Dr Fox: In the past, remyelination, or putting that myelin sheath back on after the injury, was a bit of a pipe dream. We didn't really know how to encourage it. We knew what happened. We knew that part of the recovery from active inflammation was remyelination, but we didn't know what mediated it. We didn't know how to encourage it. We didn't know how to study it or what biomarkers to use, imaging biomarkers or therapies. There was a 4-hour session that focused on all of the dramatic advances we've had in the past several years. We are understanding remyelination much, much better. In fact, in the laboratory, they can take the myelin-making cells and put myelin sheaths around inert rods, just polymers of nothing, which is a great opportunity for us to learn some of the basic nuts and bolts of how remyelination can occur. And then we can take it into benchtop models and start learning what potential therapies we can use to help encourage remyelination.

Dr Krieger: Right. At the same time that this work is being developed further in the lab, there are agents that have already been moved into human trials and patient trials to have this putative remyelination-type effect. There are several that we've been hearing about. One is anti-LINGO-1, a monoclonal antibody that may work towards helping oligodendrocyte precursors develop new myelin. That has been looked at in clinical trials with optic neuritis, with visual evoked potential as the para-clinical outcome.

Even phenytoin has been looked at as a putative remyelination agent through ion modulation pathways. Whether it is truly remyelinative or otherwise reparative remains to be figured out. However, it has been looked at with similarly positive endpoints on paraclinical measures of visual function with optical coherence tomography. There are others that are being developed in parallel with the emerging understanding of mechanisms of de- and remyelination. I think it is an exciting area in MS research.

Dr Fox: I agree. It's not clear that we're there yet, but we're getting some of the basic tools to understand it and study it at the benchtop—to use biomarkers in clinical trials to study remyelination using focused systems like the visual system, where we can correlate function with some of the electrophysiology. We have some therapies that potentially hold great promise.

High-Dose Biotin

Dr Krieger: The last one, which was something of a surprise in the setting of progressive disease and how we measure impact, is biotin. High-dose biotin was a surprise success in bringing about improvement in a small cohort of progressive patients. We don't talk about improvement all the time; we talk about preventing disability. What do you think about this improvement outcome? And is that something we can achieve?

Dr Fox: We are looking at it more in some of the other trials as well. Can we make patients better? Anti-LINGO is also being looked at in an improvement trial on whether we can take the current function of the brain and not just prevent it from getting worse, but actually help restore function and improve how patients are getting along. I think it's a sign that we are moving forward. We don't have all the answers yet, but we have a much better sense of the direction in which we need to head.

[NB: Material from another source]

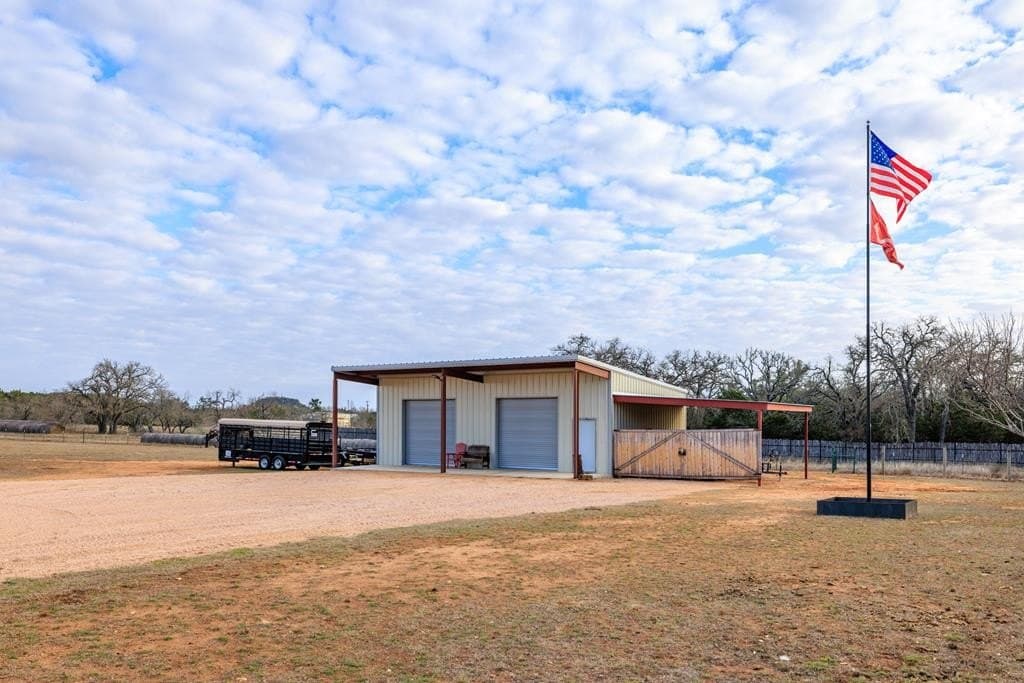 21 acres in Gillespie County - photo 28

Dr Krieger: One could really imagine an MS treatment paradigm where disease-modifying therapies are used to prevent worsening, and another layer of agents is used to foster remyelination and repair. Then we could have combination strategies that really address multiple needs in MS disease modification.

Dr Fox: I agree. These are exciting times.

Dr Krieger: With that, we'll bring to a close our quick review of some of the trends and outcomes in MS research here at the 2016 meeting of the American Academy of Neurology in Vancouver. Dr Fox, thank you so much for being here.

Dr Fox: It was great to join you.

Dr Krieger: To all of you, thank you very much for tuning in and watching.